* [DIRECTIONS] Type out the listing again, exactly, with every line included.

* [INFORMATION SHOWN]
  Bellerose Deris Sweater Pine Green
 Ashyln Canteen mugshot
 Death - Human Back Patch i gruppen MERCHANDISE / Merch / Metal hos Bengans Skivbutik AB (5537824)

* [YOUR RESPONSE]
  Bellerose Deris Sweater Pine Green
 Ashyln Canteen mugshot
 Death - Human Back Patch i gruppen MERCHANDISE / Merch / Metal hos Bengans Skivbutik AB (5537824)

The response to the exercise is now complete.